Magazines: They’re Just Like Us. Tabloids And Other Publications Risk Failing Postal Service’s “Droop Test”

droop_test_3.23.10.jpgPublishers have until June 7th to make sure their products don’t fail the United States Postal Service’s “deflection standards,” known more colorfully as “the droop test.” Publications that are wider, taller or made with flimsier paper than the average glossy magazine run the risk of failing these new standards.

Concerned over the prospect of droopy tabloids and weepy publishers, American Business Media chairperson and Vance Publishing president and COO Peggy Walker sent out a memo to publishers to work in conjunction with printers in order to avoid facing penalties:

[T]he hope is that printers may be able to obtain specialized equipment, such as in-line quarter folders, that will help publications destined for failure to meet the droop test at a reasonable cost. Because it is never sorted on machines in any event, the penalties will not apply to ‘saturation’ or ‘high-density’ mail or to mail entered into the postal system at the destination delivery unit where the carriers work.
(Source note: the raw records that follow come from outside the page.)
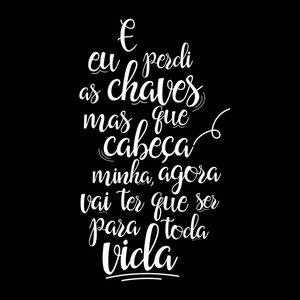 E EU PERDI AS CHAVES FUNDO PRETO FORMATO QUADRADO
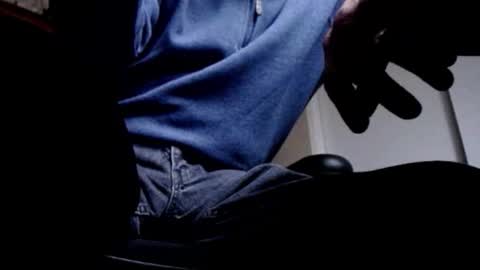 Snapshot of pem1650 chatting on November 16, 2025, 9:53 pm pem1650 online show from November 16, 2025, 9:53 pm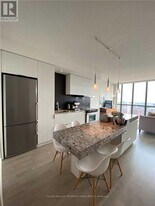 101 Charles St E in Toronto, ON - Building Photo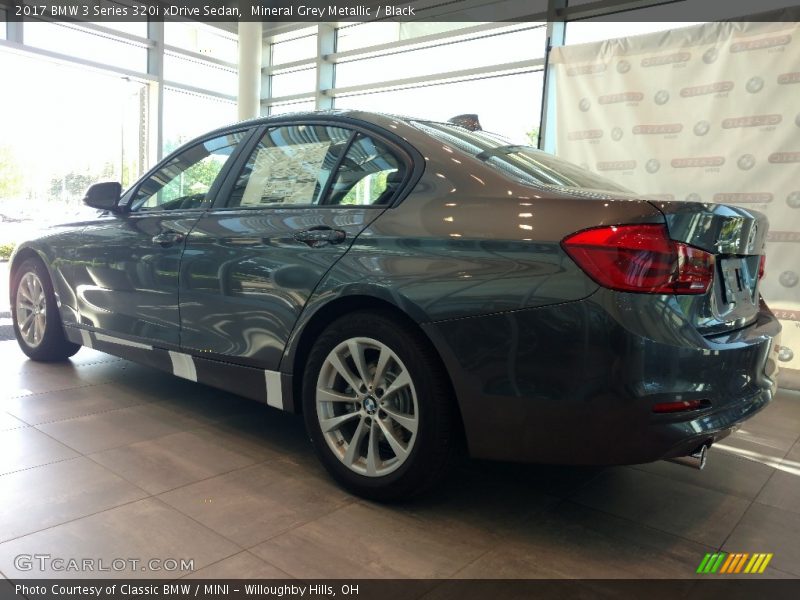 Mineral Grey Metallic / Black 2017 BMW 3 Series 320i xDrive Sedan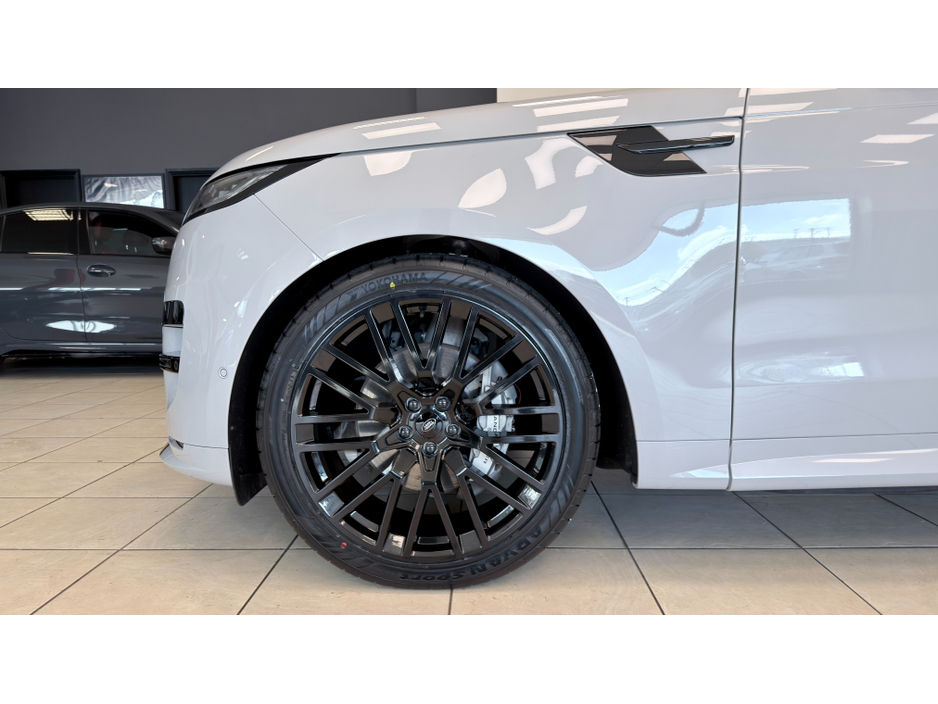 2025 Land Rover Range Rover - image 29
For those concerned about whether their product passes the dreaded “droop test,” Arandell Corporation’s blog has a handy guide:

Place any catalog that is mailed as a flat on the end of a flat surface. Align the longest edge of the catalog perpendicular to the surface edge. If the catalog is square, align the spine perpendicular to the surface edge.

If the catalog is 10″ or longer:

Extend the catalog 5″ inches from the edge.
If the catalog droops less than 3″ the catalog is mailable as a flat.

If the catalog is less than 10:”

Extend the catalog half its length off the edge of the surface.

The catalog must not droop more than 2″ less than the extended length from both ends.

And don’t worry. It happens to a lot magazines.